May 20, 2021
The official start of the 2021 Atlantic hurricane season is just days away. Forecasters are predicting another active season.
The 2020 Atlantic hurricane season brought a record 30 named storms (14 of those were hurricanes), and although most hurricane season forecasters had predicted an above average season last year, most predictions centered around approximately 20 named storms.
Today, the National Oceanic and Atmospheric Administration (NOAA) released their official forecast for the upcoming hurricane season. They say there is a 90% chance of an above normal or near normal season, with only a 10% chance for a below average season. They are forecasting 13 to 20 named storms with maximum sustained winds of at least 39 mph, with 6 to 10 of those storms becoming hurricanes (maximum sustained winds of at least 74 mph), and of those, 3 to 5 major hurricanes (with winds of at least 111 mph). An average hurricane season, according to NOAA, produces 14 named storms, 7 hurricanes, and 3 major hurricanes.
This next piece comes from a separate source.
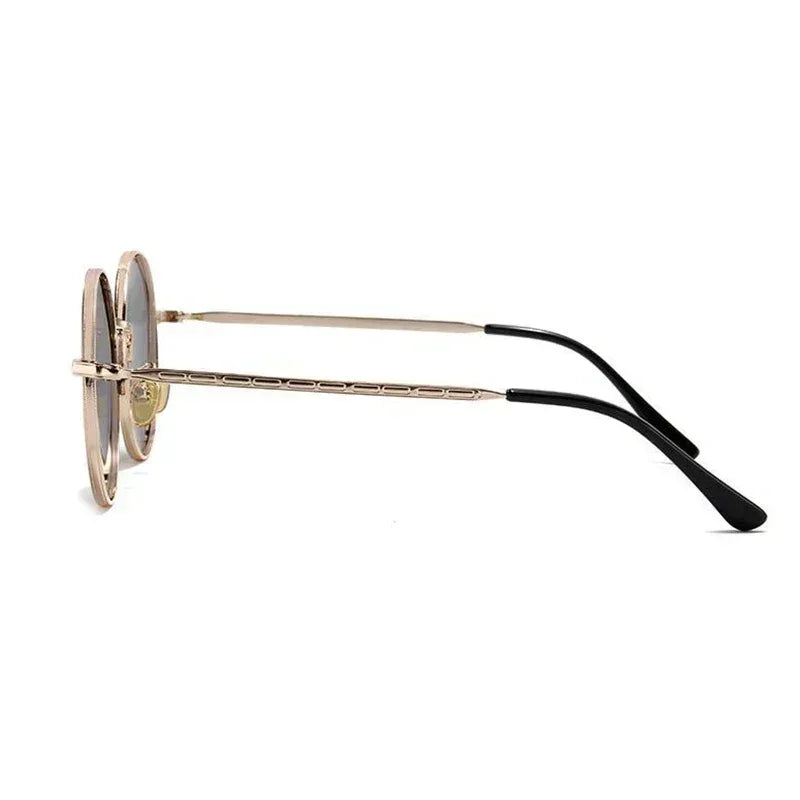 Steampunk Round Polarized Sunglasses With Prescription Women Men UV400 Anti-glare Myopia Sun Glasses Power 0 -0.5 -0.75 To -6.0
As with any hurricane season, it’s impossible to know where these storms will form and when or where they might make landfall.
Click on the tweet below to see the projections and the list of names for the 2021 Atlantic hurricane season.
In April, Colorado State University also released its annual forecast, led by Philip Klotzbach. Their forecast also calls for an above average season with 17 named storms, 8 hurricanes, and 4 major hurricanes.